The personal details of US military commanders and thousands of prominent Americans have been amassed since 2017 by a Chinese technology company with reported ties to the country’s military and intelligence networks, according to a report on leaked data.
A database of about 2.4 million people, including at least 50,000 Americans, was compiled by the small Chinese company called Shenzhen Zhenhua Data Technology, The Washington Post reported.
The massive trove — called the Overseas Key Information Database, or OKIDB – includes biographies and service records of the US military commanders, as well as social media chatter by Beijing watchers in Washington, DC, according to the newspaper.
It purports to provide insights into foreign political, military and business figures, as well as details about countries’ infrastructure and military deployments, according to an unsecured copy of the database that was retrieved by an Australian cybersecurity consulting outfit.
Although there is no evidence suggesting OKIDB’s software is being used by Beijing, Zhenhua’s materials characterize the company as a patriotic outfit whose primary target customer is the military, the Washington Post reported.
American experts who have combed through the cache offer differing opinions about its value.
Large portions of the database appear to be raw data copied from US providers such as Factiva, LexisNexis and LinkedIn — and contain little human analysis or finalized intelligence reports.
Much of the social media material culled appears to be derived from public accounts anyone can access.

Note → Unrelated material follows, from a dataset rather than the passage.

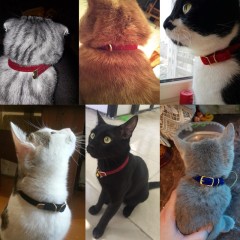 Pet Collar YS0032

“There might be gold in there, but this is not something that’s useful enough for military or intelligence targeting,” one cybersecurity contractor for the US government who has reviewed the data told the Washington Post on condition of anonymity.

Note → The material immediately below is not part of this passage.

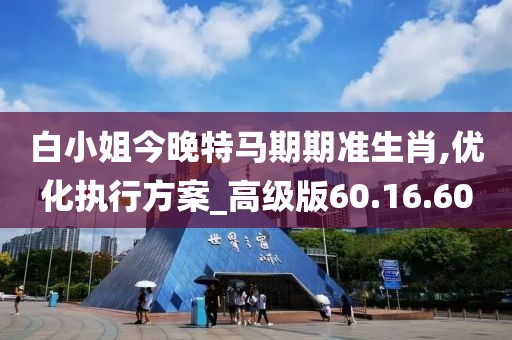 白小姐今晚特马期期准生肖,优化执行方案_高级版60.16.60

Zhenhua’s claims, the contractor told the paper, are “totally aspirational.”
Robert Potter, who founded the Australia-based Internet 2.0 cybersecurity firm, and independent researcher Christopher Balding provided an incomplete copy of the database that feeds into the OKIDB software to several news outlets, including The Washington Post.
“Open liberal democracies must consider how best to deal with the very real threats presented by Chinese monitoring of foreign individuals and institutions outside established legal limits,” Balding told the newspaper.
Facebook spokeswoman Liz Bourgeois said the social media giant has sent Zhenhua a cease-and-desist letter.
“Scraping public data, as this company appears to have done to a number of services including Facebook, is against our policies,” Bourgeois told The Washington Post.
A Twitter rep said the company had no data-sharing agreements with Zhenhua, while a LinkedIn spokeswoman said the company does not permit the use of “software that scrapes or copies information” under its user agreement.
Zhenhua declined requests for comment by The Washington Post, but a spokeswoman told the UK’s Guardian that “the report is seriously untrue.”
“Our data are all public data on the internet. We do not collect data. This is just a data integration. Our business model and partners are our trade secrets. There is no database of 2 million people,” said the Zhenua rep surnamed Sun, who identified herself as head of business.
“We are a private company,” she said, denying any links to the Chinese government or military. “Our customers are research organizations and business groups.”
The Chinese Ministry of Defense did not respond to requests for comment.